SeamlessM4T, introduced in August 2023, serves as the foundation for SeamlessExpressive and SeamlessStreaming. SeamlessExpressive preserves expression, such as pauses, emphasis, and tone for speech-to-speech translation for English, Spanish, German, French, Italian, and Chinese.
“We’re also thrilled to share SeamlessStreaming,” Research Manager Paden Tomasello said in a video shared by Meta. He described it as the first massively multilingual model able to translate speech and text in real-time.
SeamlessStreaming can handle automatic speech recognition and speech-to-text translation for “nearly 100 input and output languages.” Speech-to-speech translation works from nearly 100 input languages into 36 output languages.
Tomasello noted that Seamless would be the first translation model to include watermarking to indicate model-generated audio output — a feature that seems to adhere to the US’s recently issued first Executive Order on AI.

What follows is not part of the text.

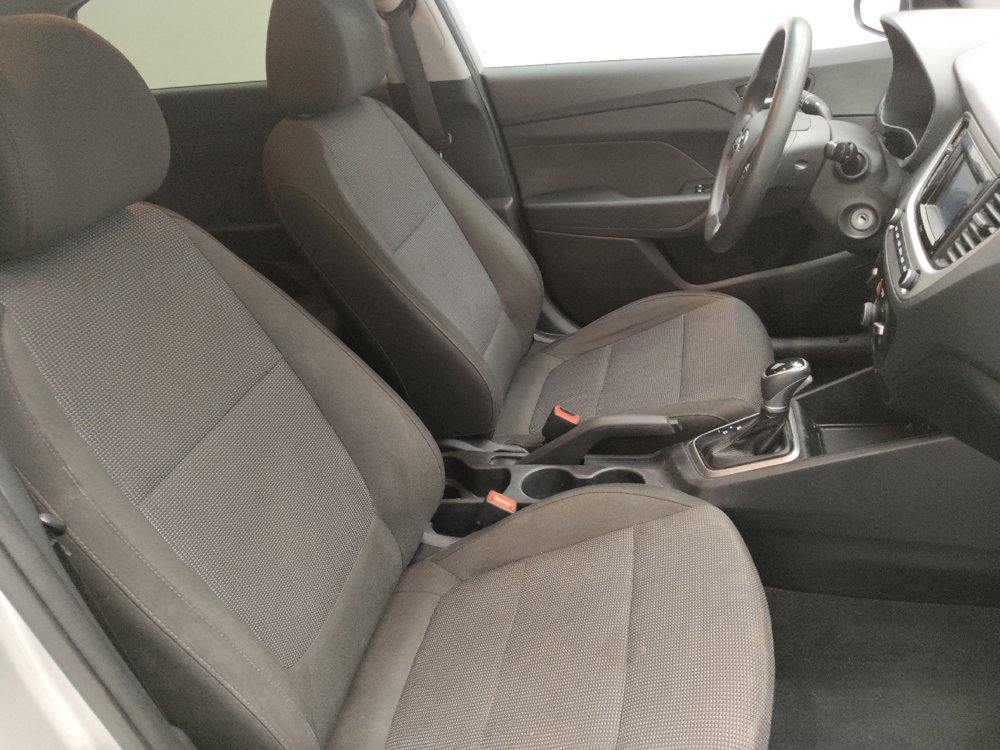 Used 2019 Hyundai Accent SE FWD image 21
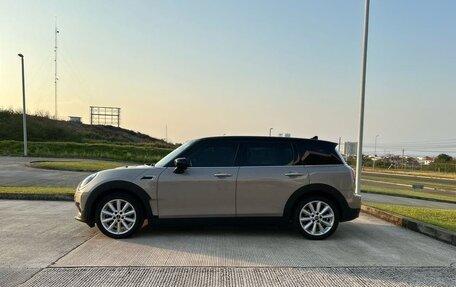 MINI Clubman, 2023 год, 2 325 000 рублей, 4 фотография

“Watermarking actively embeds a signal that is imperceptible to the human ear, but still detectable within the audio using a detector model,” Meta stated in its blog post. “Through this watermark, the origin of the audio can be accurately traced.”
According to Meta’s blog post, SeamlessM4T v2 achieves state of the translation art quality for speech-to-speech and speech-to-text translation, and “also beats Whisper v3’s for automatic speech recognition on average and in particular for lower resource languages.”
SeamlessStreaming, meanwhile, is also said to achieve state-of-the-art low latency quality with speech-to-speech translation.
Meta has made available to the public (i.e. developers) all four Seamless models, as well as metadata, data, and alignment tools.
The end goal of all of this open-sourcing of advanced speech translation AI seems clear: get developers to accelerate Meta founder Zuckerberg’s vision of a frictionless, language-agnostic metaverse.